*Dataset extract*:
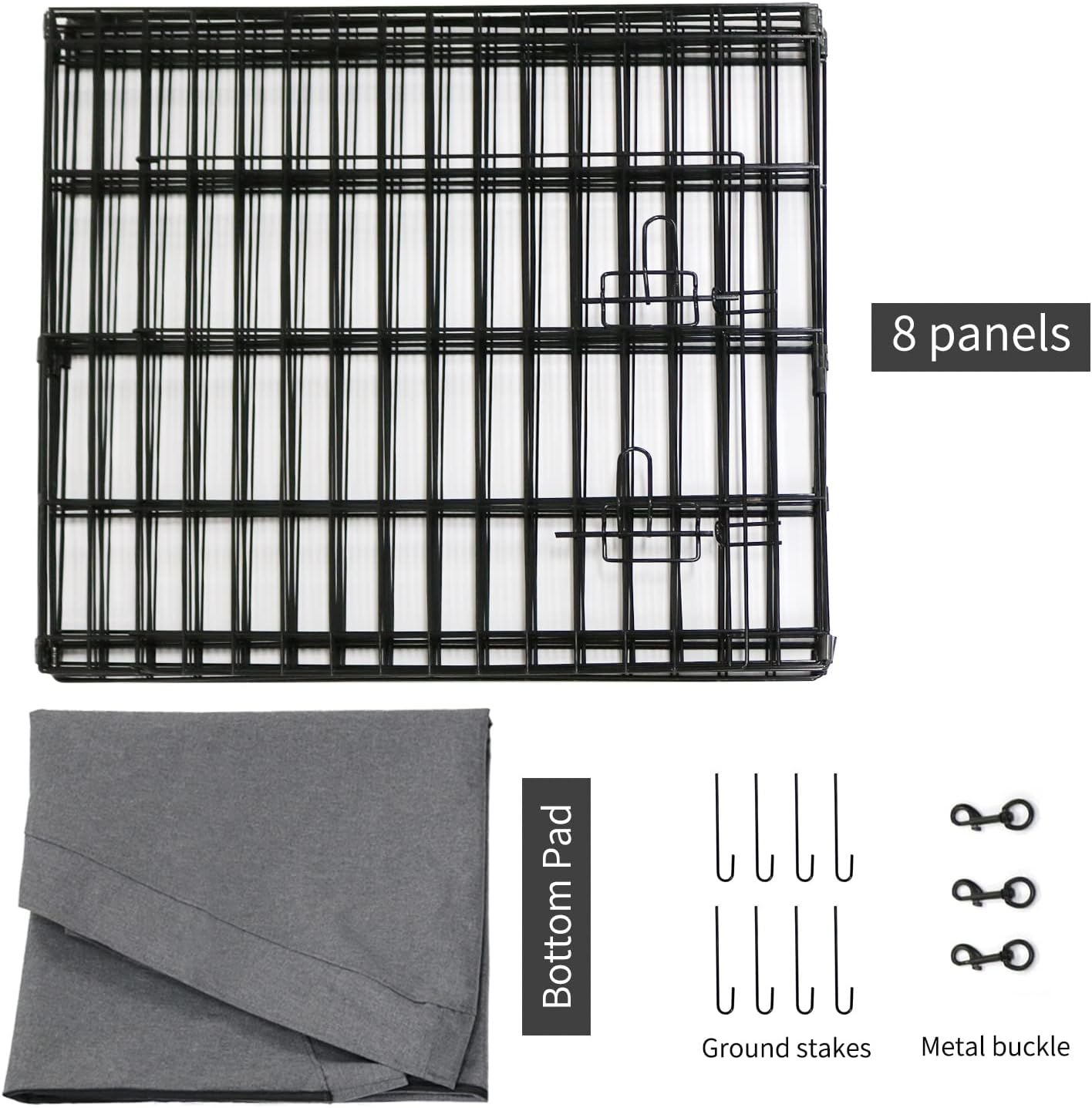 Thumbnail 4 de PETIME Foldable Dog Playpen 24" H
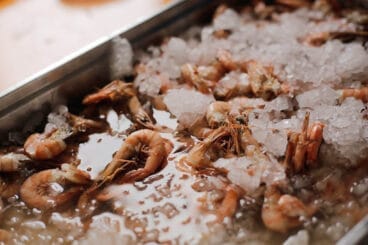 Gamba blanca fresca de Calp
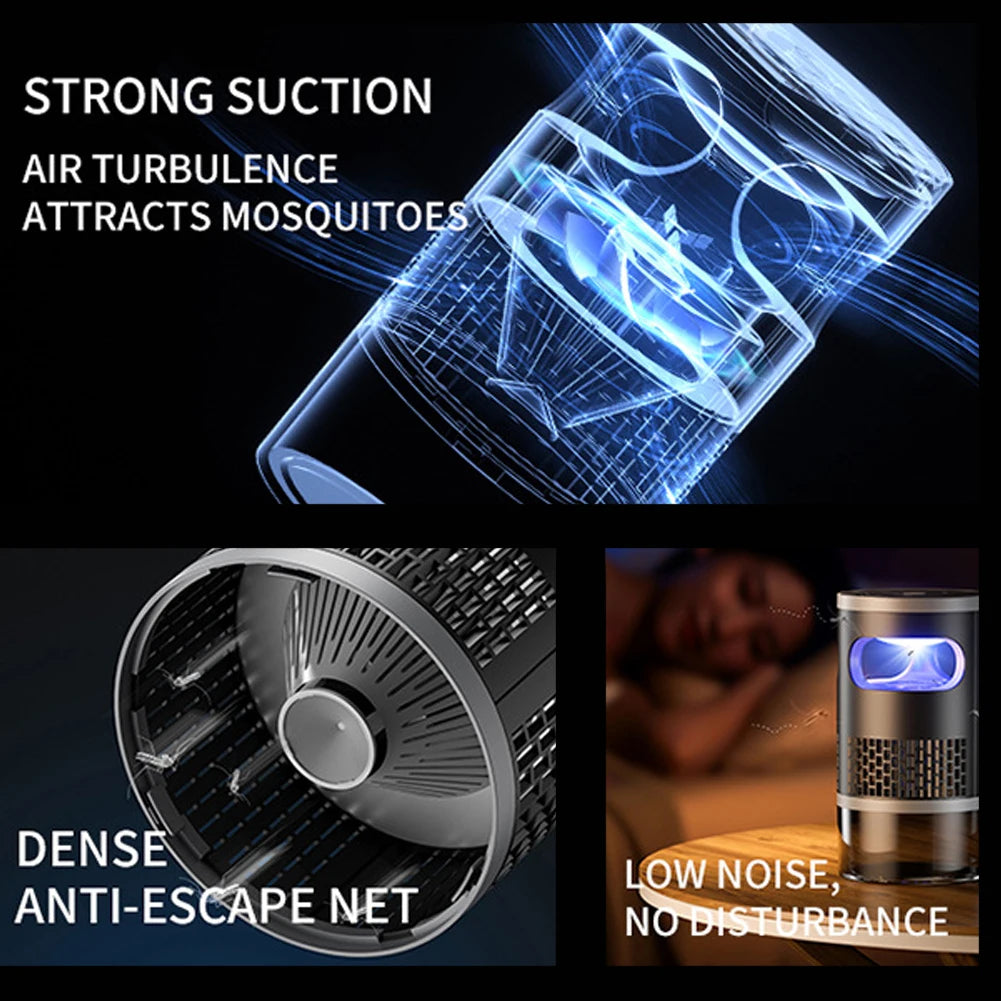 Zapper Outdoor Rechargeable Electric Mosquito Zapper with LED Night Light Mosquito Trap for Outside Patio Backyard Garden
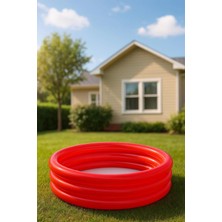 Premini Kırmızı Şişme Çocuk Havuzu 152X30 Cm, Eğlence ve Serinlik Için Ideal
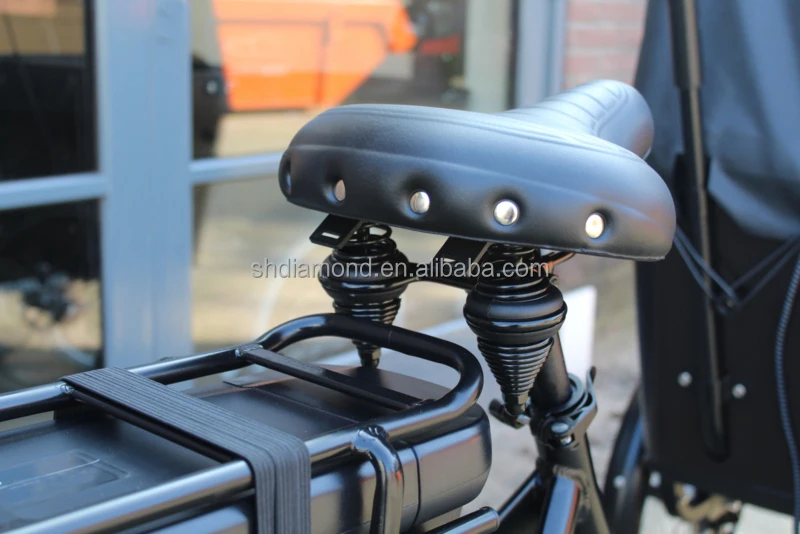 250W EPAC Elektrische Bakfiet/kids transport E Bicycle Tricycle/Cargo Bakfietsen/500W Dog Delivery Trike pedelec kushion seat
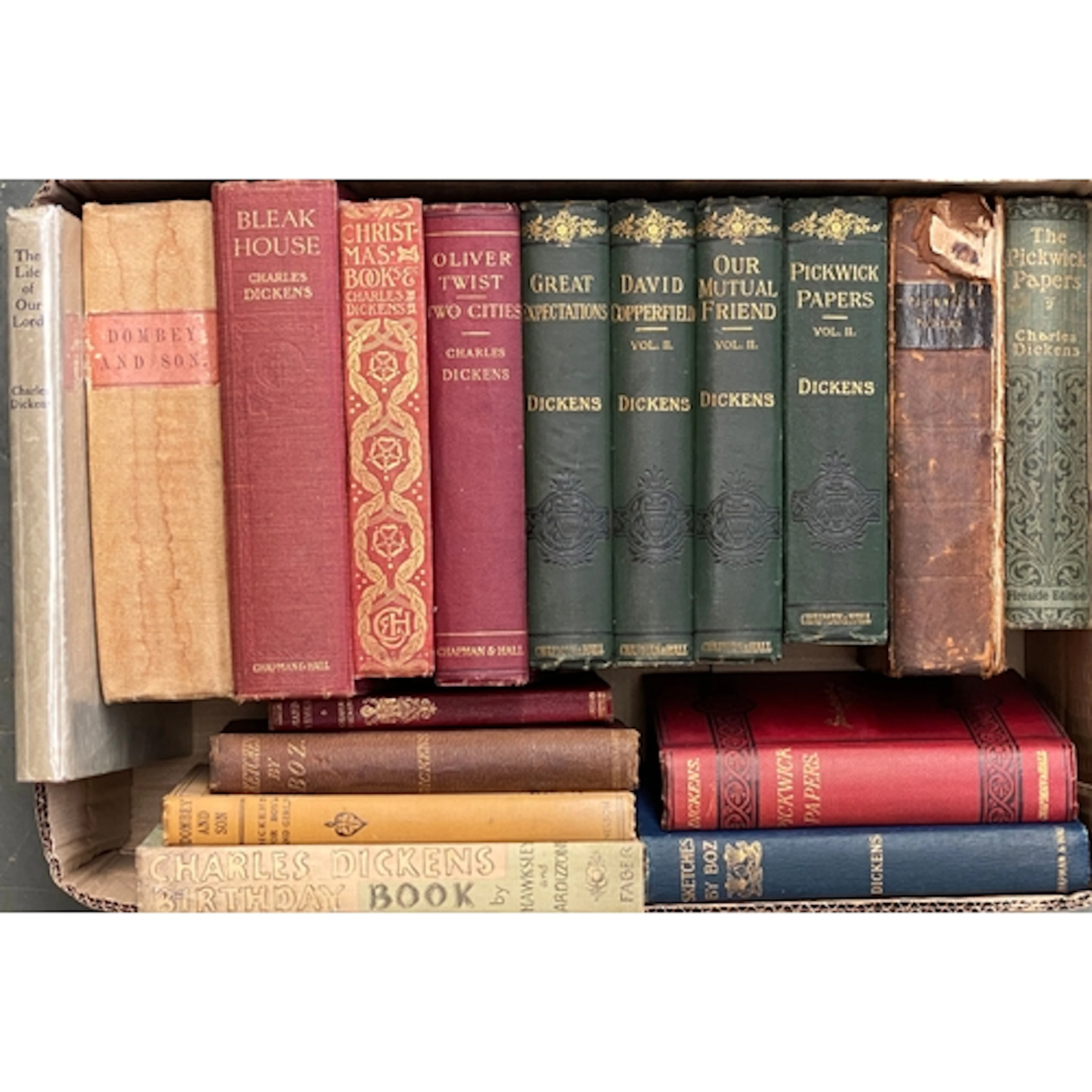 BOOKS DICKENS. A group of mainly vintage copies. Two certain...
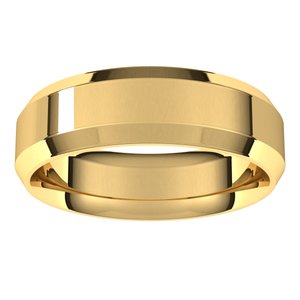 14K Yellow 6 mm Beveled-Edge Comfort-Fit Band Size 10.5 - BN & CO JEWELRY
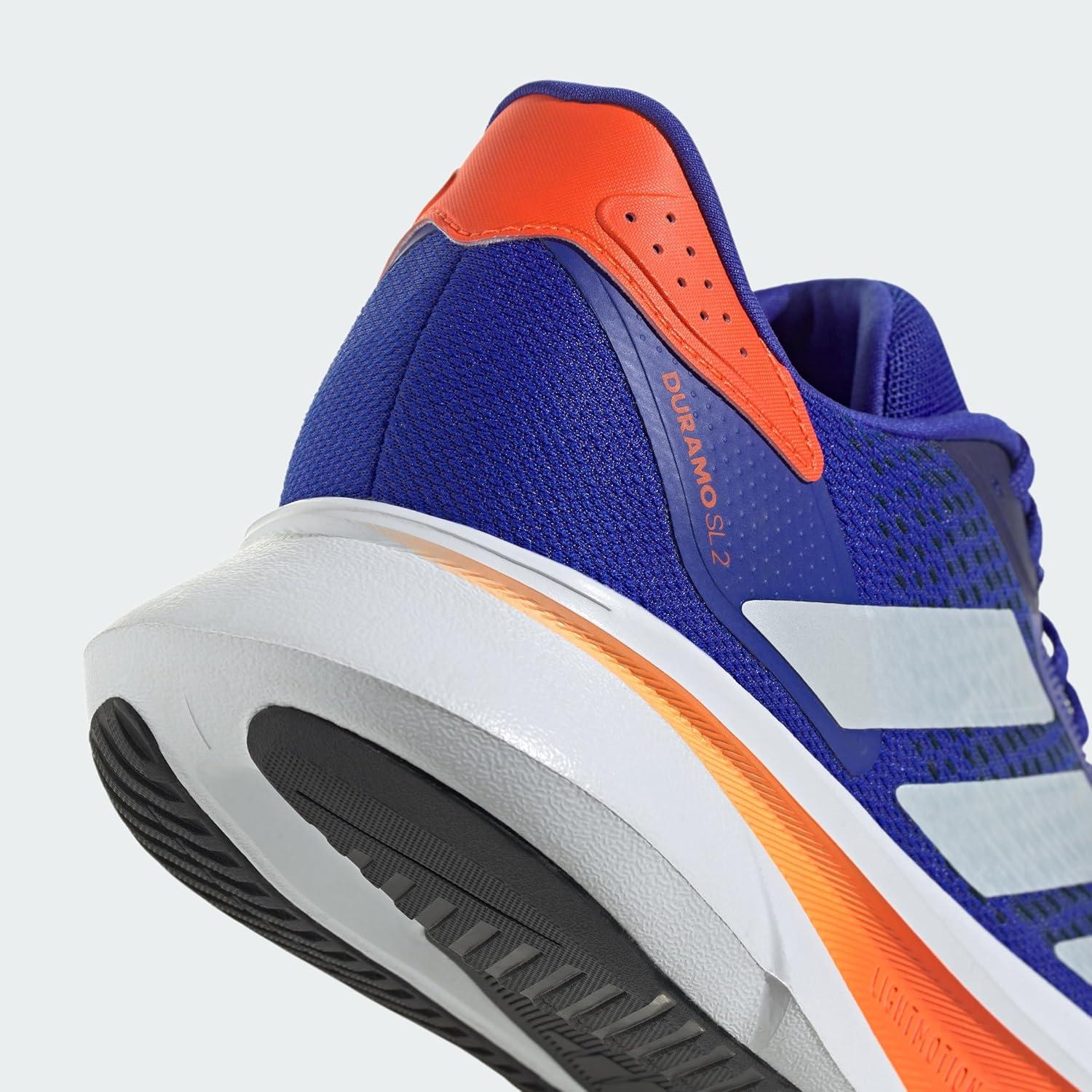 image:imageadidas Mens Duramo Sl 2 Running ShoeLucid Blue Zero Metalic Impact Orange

*Assignment*:
Copy out exactly, with no pictures, the lines of the data from the first one through the line bearing "250W EPAC Elektrische".

*Result*:
 Thumbnail 4 de PETIME Foldable Dog Playpen 24" H
 Gamba blanca fresca de Calp
 Zapper Outdoor Rechargeable Electric Mosquito Zapper with LED Night Light Mosquito Trap for Outside Patio Backyard Garden
 Premini Kırmızı Şişme Çocuk Havuzu 152X30 Cm, Eğlence ve Serinlik Için Ideal
 250W EPAC Elektrische Bakfiet/kids transport E Bicycle Tricycle/Cargo Bakfietsen/500W Dog Delivery Trike pedelec kushion seat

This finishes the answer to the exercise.